# [WHAT NEEDS TO BE DONE]
With every picture left out, restate the listing below exactly as written.

▬▬▬

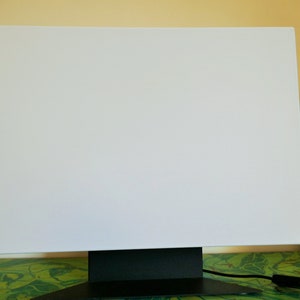 May include: A white canvas mounted on a black stand. The canvas is blank and ready for painting.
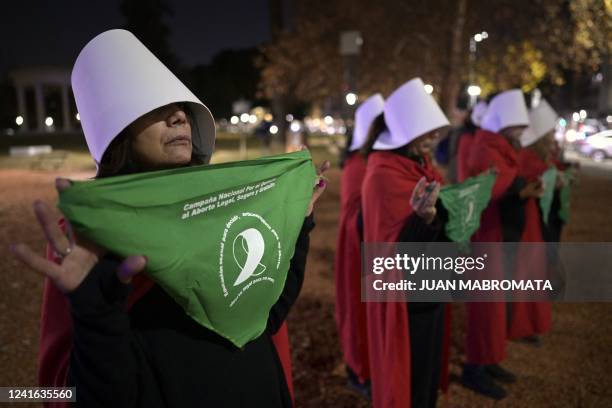 Pro-choice activists disguised as characters from Canadian author Margaret Atwood's feminist dystopian novel "The Handmaid's Tale", display green...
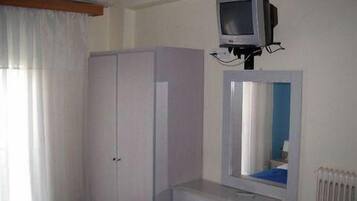 A bedroom with a single bed, a wardrobe, a small desk, a mirror, and a television mounted on the wall.
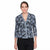 A woman modeling a black three-quarter sleeve blouse with a light blue floral and scroll pattern, paired with black pants, against a plain white background.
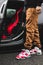 Vertical shot of a male wearing red Jordan 6 carmine sneakers with a car in the background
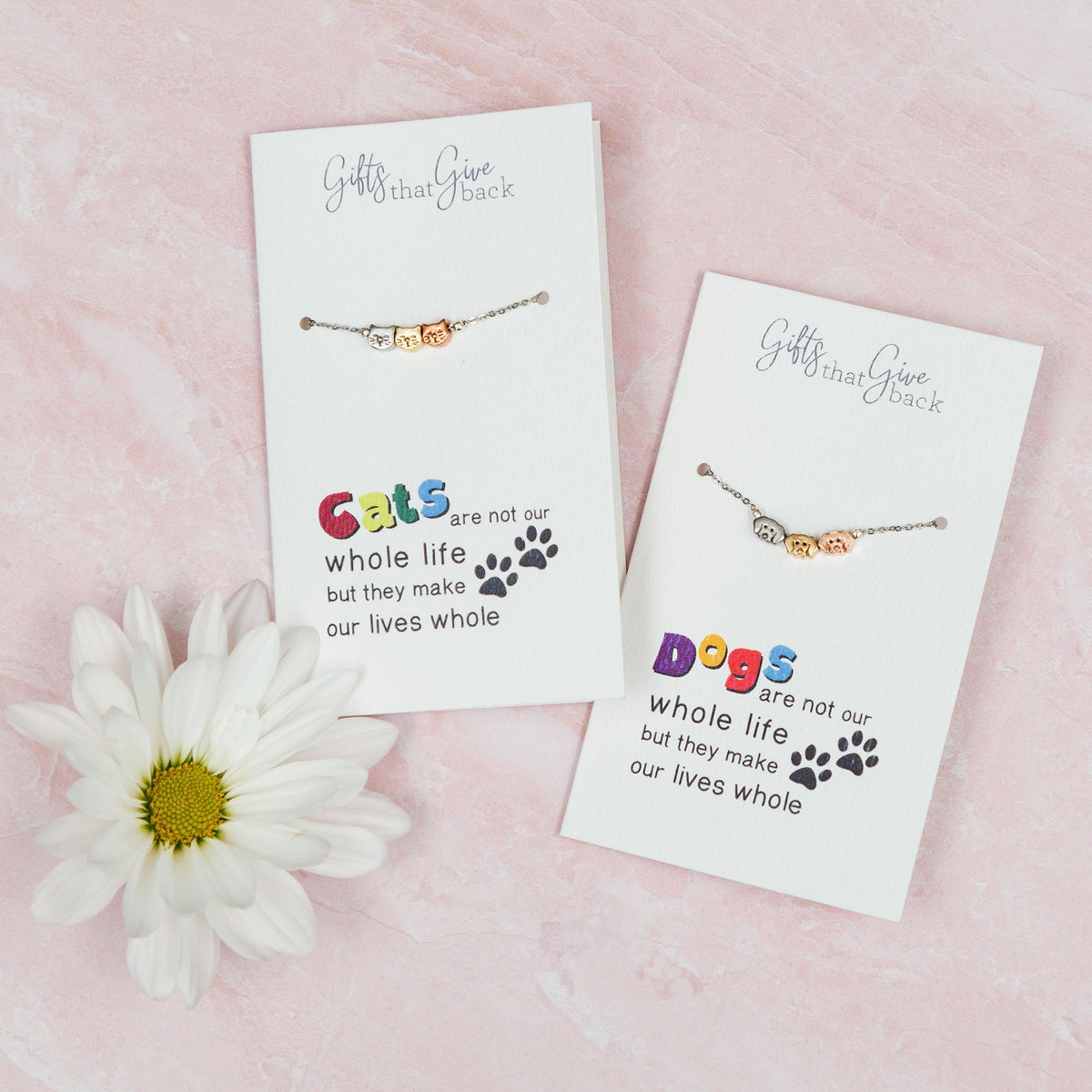Dog and cat charm bracelets shown with flowers for comparison; this listing includes one Dog-design bracelet only, not the cat bracelet or flowers.
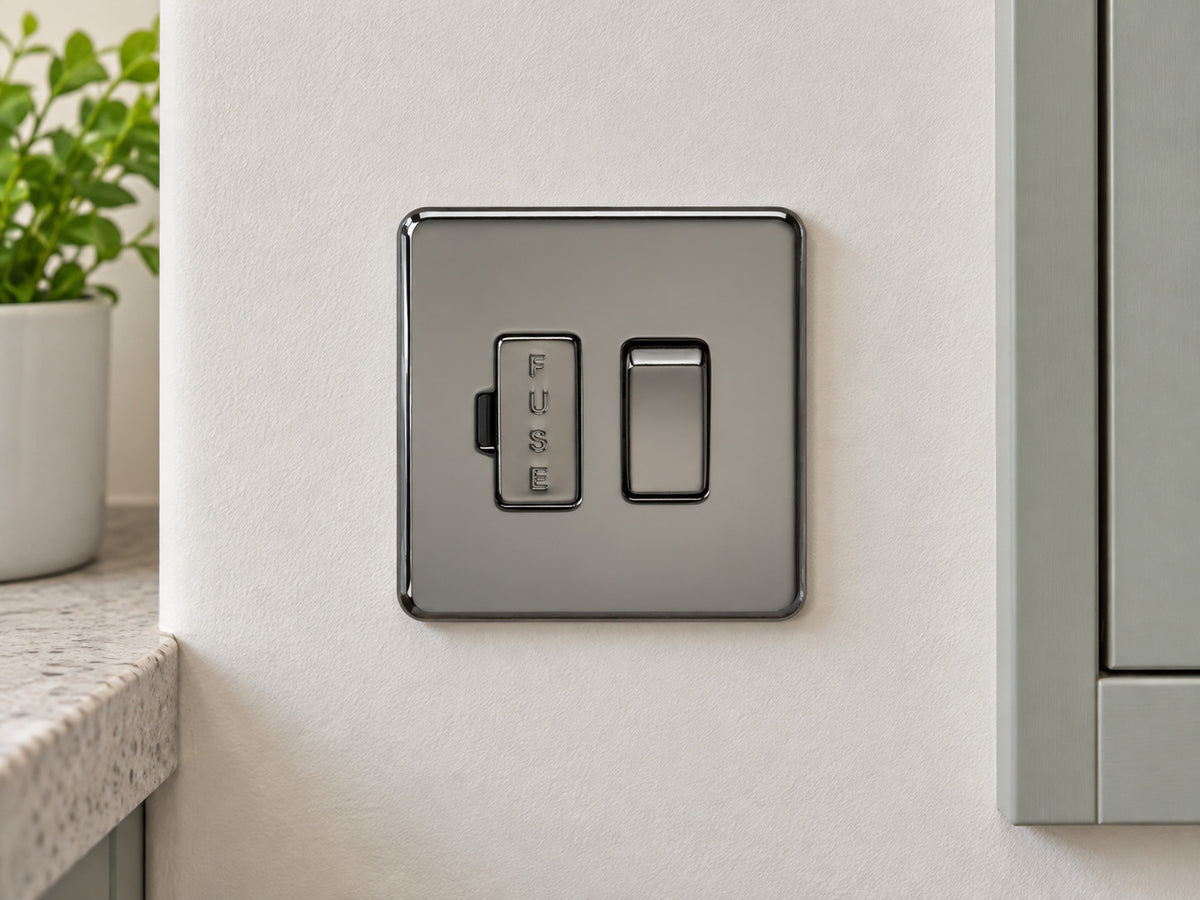 Knightsbridge SF6300BN black nickel fused spur fitted on a dry UK utility-room wall near a cupboard.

▬▬▬

# [RESPONSE TO THIS EXERCISE]
 May include: A white canvas mounted on a black stand. The canvas is blank and ready for painting.
 Pro-choice activists disguised as characters from Canadian author Margaret Atwood's feminist dystopian novel "The Handmaid's Tale", display green...
 A bedroom with a single bed, a wardrobe, a small desk, a mirror, and a television mounted on the wall.
 A woman modeling a black three-quarter sleeve blouse with a light blue floral and scroll pattern, paired with black pants, against a plain white background.
 Vertical shot of a male wearing red Jordan 6 carmine sneakers with a car in the background
Dog and cat charm bracelets shown with flowers for comparison; this listing includes one Dog-design bracelet only, not the cat bracelet or flowers.
 Knightsbridge SF6300BN black nickel fused spur fitted on a dry UK utility-room wall near a cupboard.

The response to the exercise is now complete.